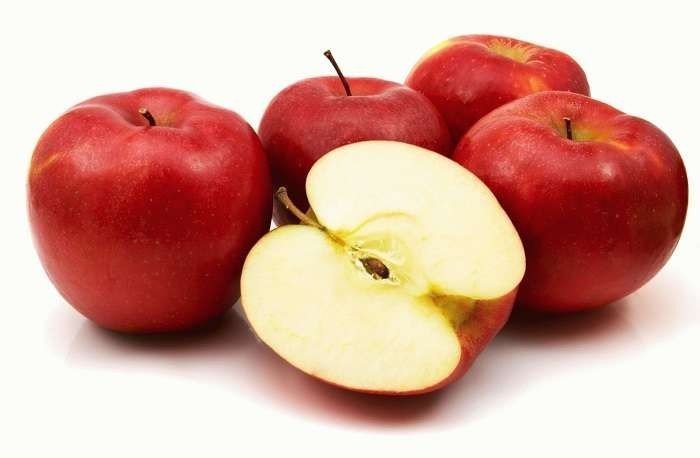 Яблоки голден красные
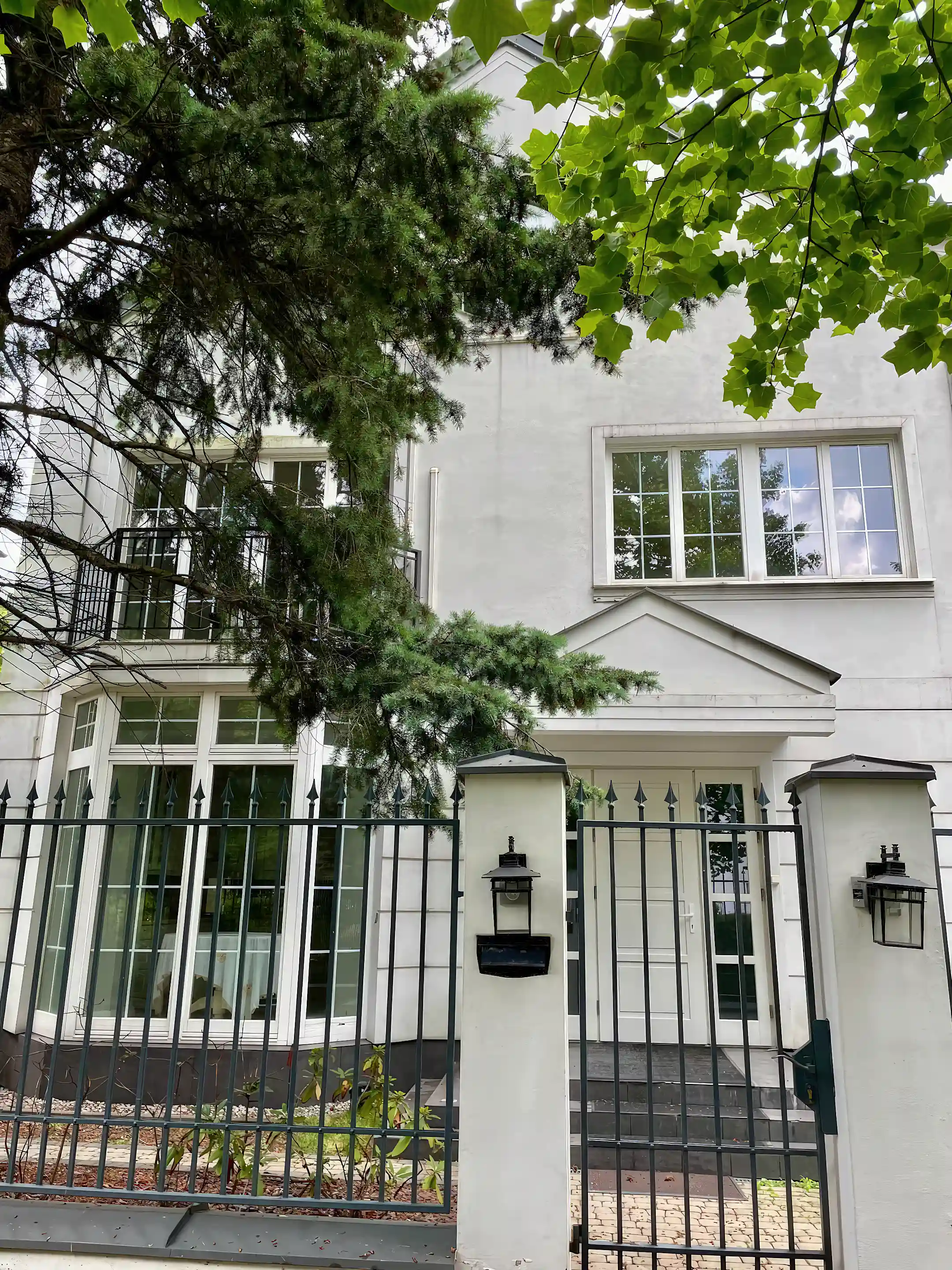 Villa for Sale in Ulica Wielicka, Mokotow, Warszawa, Masovian, Poland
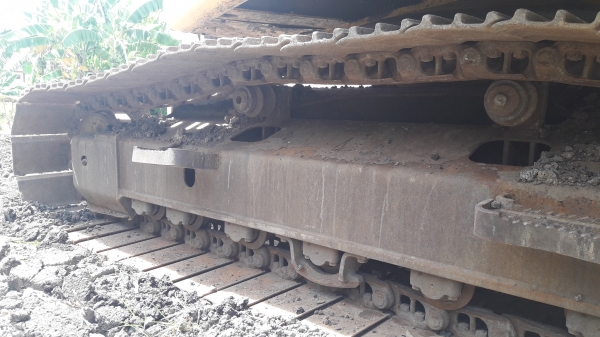 ขายรถแบ็คโฮ KOMATSU PC200-8 สภาพพร้อมใช้งาน ส่งฟรีถึงบ้าน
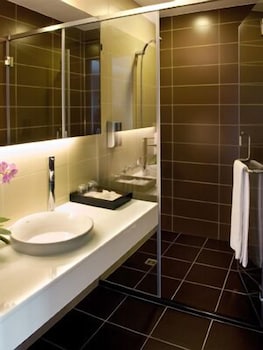 leesing hotel qixian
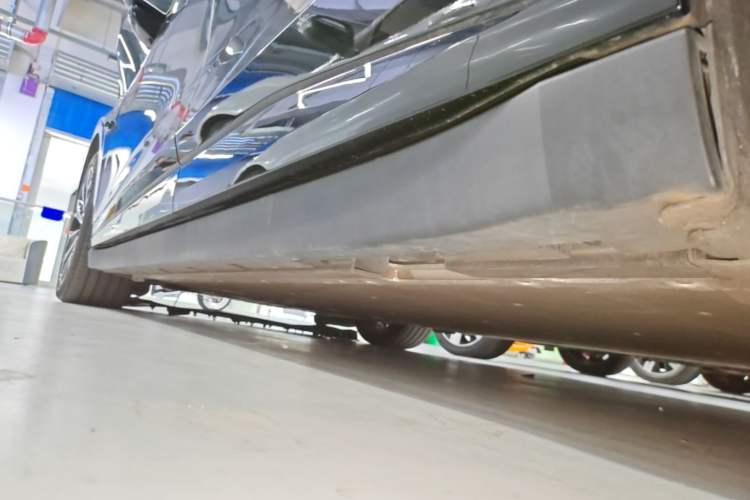 Used Zeekr 007 2025 Long-Range Rear-Wheel-Drive Intelligent Driving Version 100 kWh Left Side Sill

--------------------------------

Set every record down verbatim. No pictures belong in the copy.

### Response area
 Яблоки голден красные
 Villa for Sale in Ulica Wielicka, Mokotow, Warszawa, Masovian, Poland
 ขายรถแบ็คโฮ KOMATSU PC200-8 สภาพพร้อมใช้งาน ส่งฟรีถึงบ้าน
 leesing hotel qixian
 Used Zeekr 007 2025 Long-Range Rear-Wheel-Drive Intelligent Driving Version 100 kWh Left Side Sill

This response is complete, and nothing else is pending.